En effet, dans sa requête, la Commission européenne demandait à la Cour de constater que, « […] en excluant certains services (notamment, l’endiguement aux fins de la production hydroélectrique, la navigation et la protection contre les inondations, le captage aux fins d’irrigation et à des fins industrielles, ainsi que l’autoconsommation) de l’application de la notion de «services liés à l’utilisation de l’eau», la République fédérale d’Allemagne a manqué aux obligations qui lui incombent au titre de la directive 2000/60/CE du Parlement européen et du Conseil, du 23 octobre 2000, établissant un cadre pour une politique communautaire dans le domaine de l’eau, et, notamment, des articles 2, point 38, et 9 de cette directive.
Sur le fond, la Commission soutienait que la République fédérale d’Allemagne, en raison de l’interprétation restrictive qu’elle donne de la notion de «services liés à l’utilisation de l’eau» au sens de l’article 2, point 38, de la directive 2000/60, n’appliquait pas correctement l’article 9 de cette directive dont le champ d’application concernait la récupération des coûts de ces services, la politique de tarification de l’eau et l’application du principe pollueur-payeur aux utilisateurs d’eau.
Comme l’explique la Commission : « […] la notion de «services liés à l’utilisation de l’eau» ne recouvre pas seulement l’approvisionnement en eau et le traitement des eaux usées. Le libellé même de l’article 2, point 38, de la directive 2000/60, son contexte et les objectifs poursuivis par cette directive aboutissent à considérer que la définition de ces services englobe d’autres activités telles que la navigation, la production d’électricité par l’énergie hydraulique et la protection contre les inondations […].
En visant le captage, l’endiguement, le stockage, le traitement et la distribution, l’article 2, point 38, de la directive 2000/60 énumère diverses activités dont l’une doit être présente dans le service lié à l’utilisation de l’eau, sans que le recours aux virgules entre ces termes et l’emploi de la conjonction «et» emportent une autre signification. Un service lié à l’utilisation de l’eau n’exige pas que toutes les activités énumérées à l’article 2, point 38, sous a) ou b), de cette directive soient présentes cumulativement […].
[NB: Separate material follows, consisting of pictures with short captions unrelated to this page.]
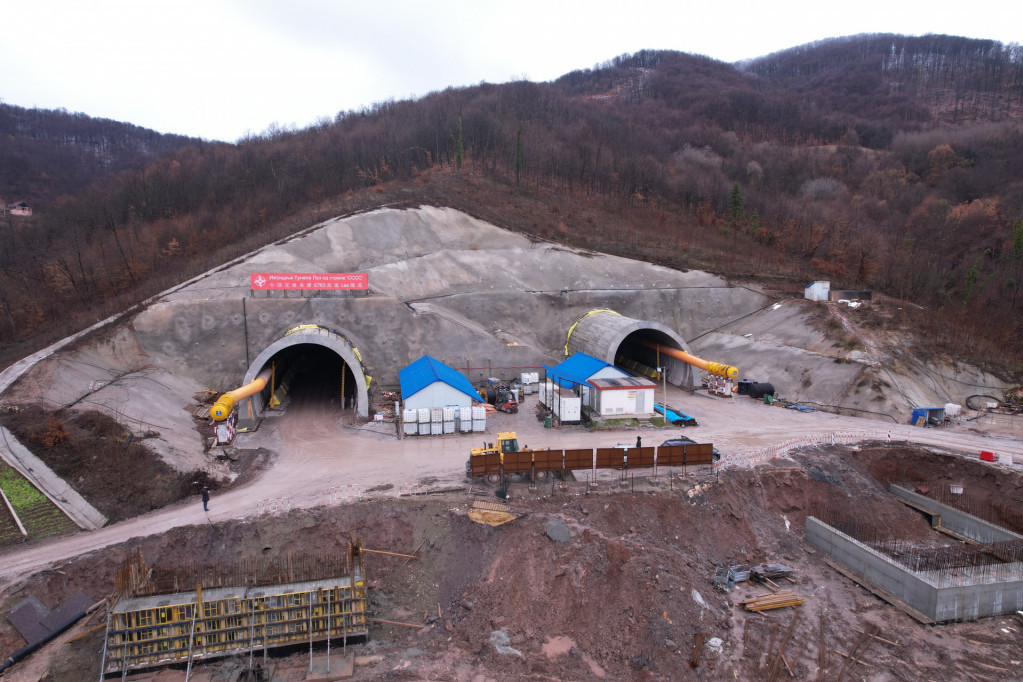 Od Čačka do Požege za 20 minuta: Pogledajte kako napreduju radovi na tunelu Laz (VIDEO)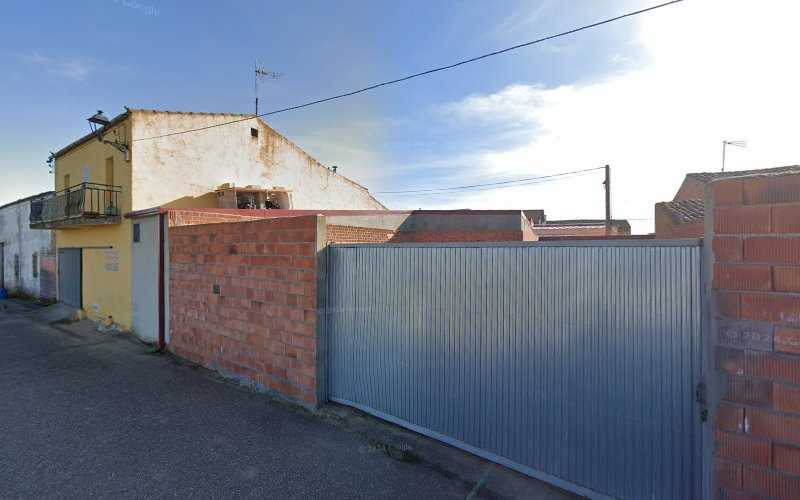 Fotografia tomada fuera de Carpinteria metalica Jose C. Lopez Martin - Herrero en Villalar de los Comuneros, Valladolid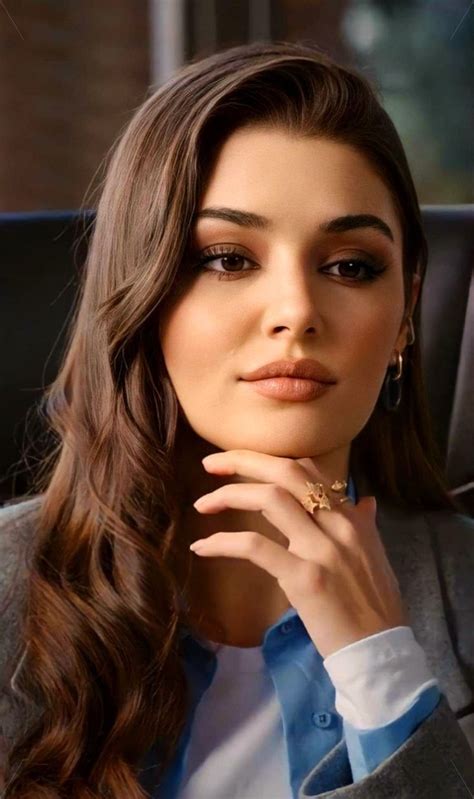 Hermosa 💖 Turkish Fashion Turkish Beauty Hande Erçel Makeup Hande Ercel Style Hair Beauty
La finalité de celle-ci est d’assurer une utilisation efficace des ressources en eau, en assurant une participation appropriée des diverses utilisations de l’eau à la récupération des coûts des services liés à cette utilisation, compte tenu du principe du pollueur-payeur. Cette finalité ne serait pas atteinte si, comme le soutient l’État membre défendeur, les entreprises qui pratiquent le captage d’eau en dehors des activités d’approvisionnement en eau ou de traitement des eaux usées, telles que, par exemple, dans certains Länder, les entreprises d’extraction minière à ciel ouvert, n’étaient pas tenues de payer les coûts de ces captages […].
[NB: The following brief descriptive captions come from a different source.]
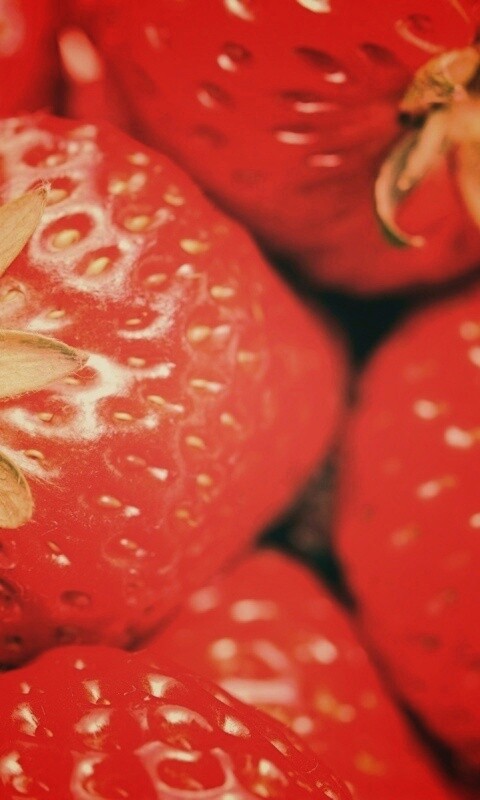 Сочная клубничка обои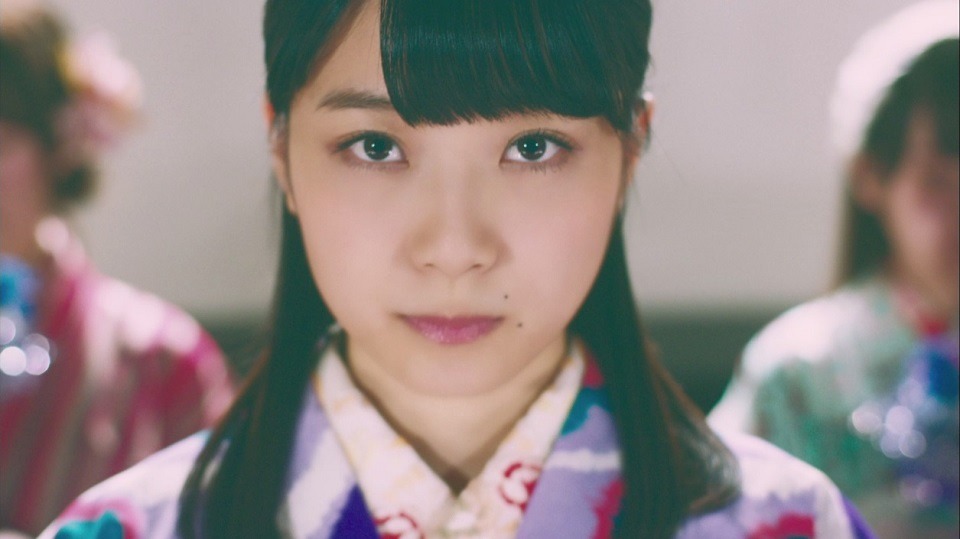 乃木坂46「ハルジオンが咲く頃」MVのワンシーン。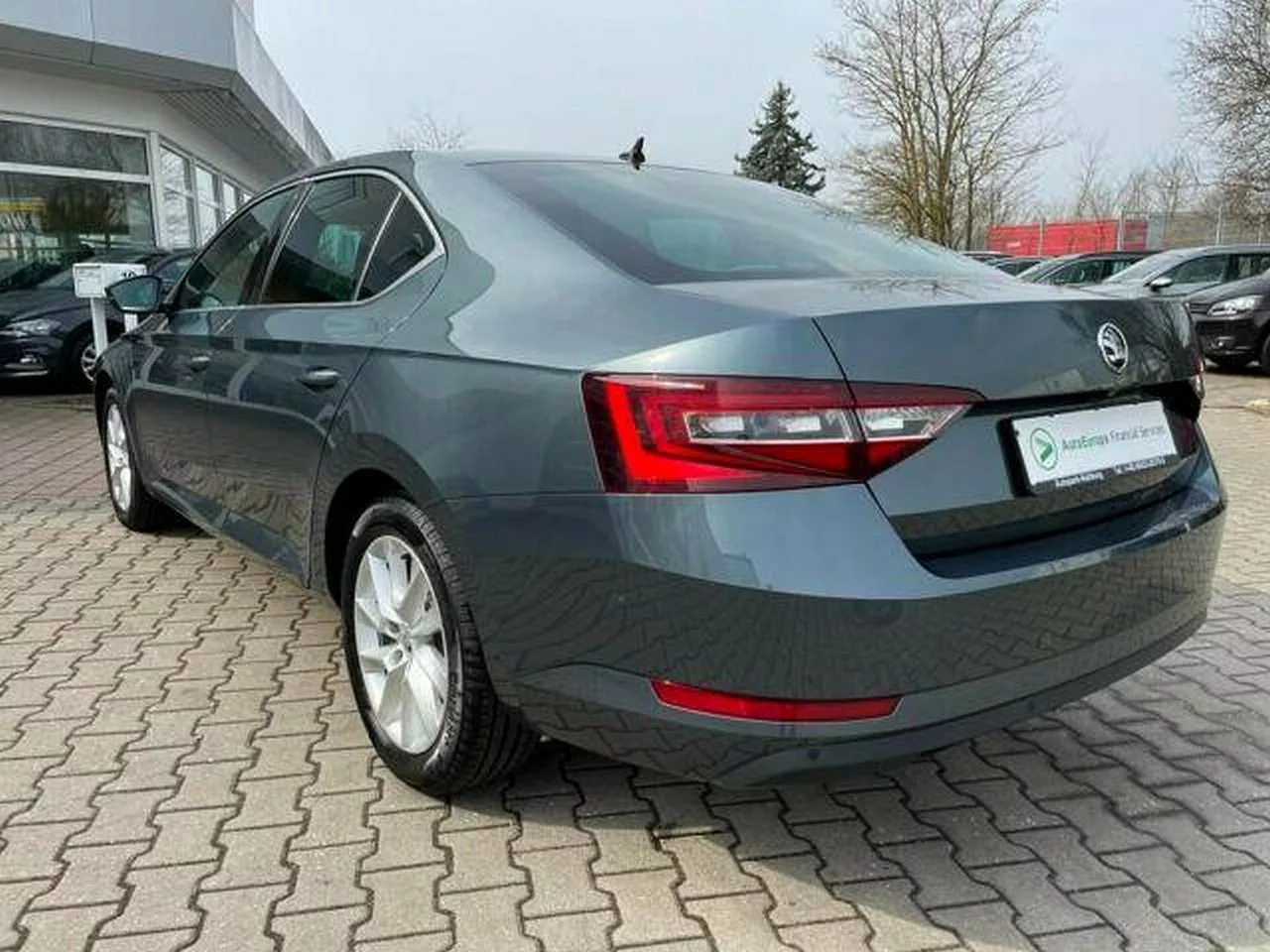 praktycznie-nowa-skoda-superb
La directive 2000/60 et la directive 2004/35 ont la même base juridique et poursuivent toutes les deux des objectifs visant à protéger l’environnement, ce qui ne permet pas, contrairement à ce que soutient la République fédérale d’Allemagne, d’interpréter différemment la notion de «Funktion» qui figure dans la version en langue allemande de cette dernière directive, et celle de «Dienstleitung» présente dans la directive 2000/60, pour en déduire que cette dernière vise une activité humaine. En outre, dans le droit de l’environnement, les services ne présupposent pas la participation d’un être humain, ainsi qu’il ressort de l’étude d’évaluation des services écosystémiques dénommée «Millennium Ecosystem Assessment», lancée par les Nations unies au cours de l’année 2001 […].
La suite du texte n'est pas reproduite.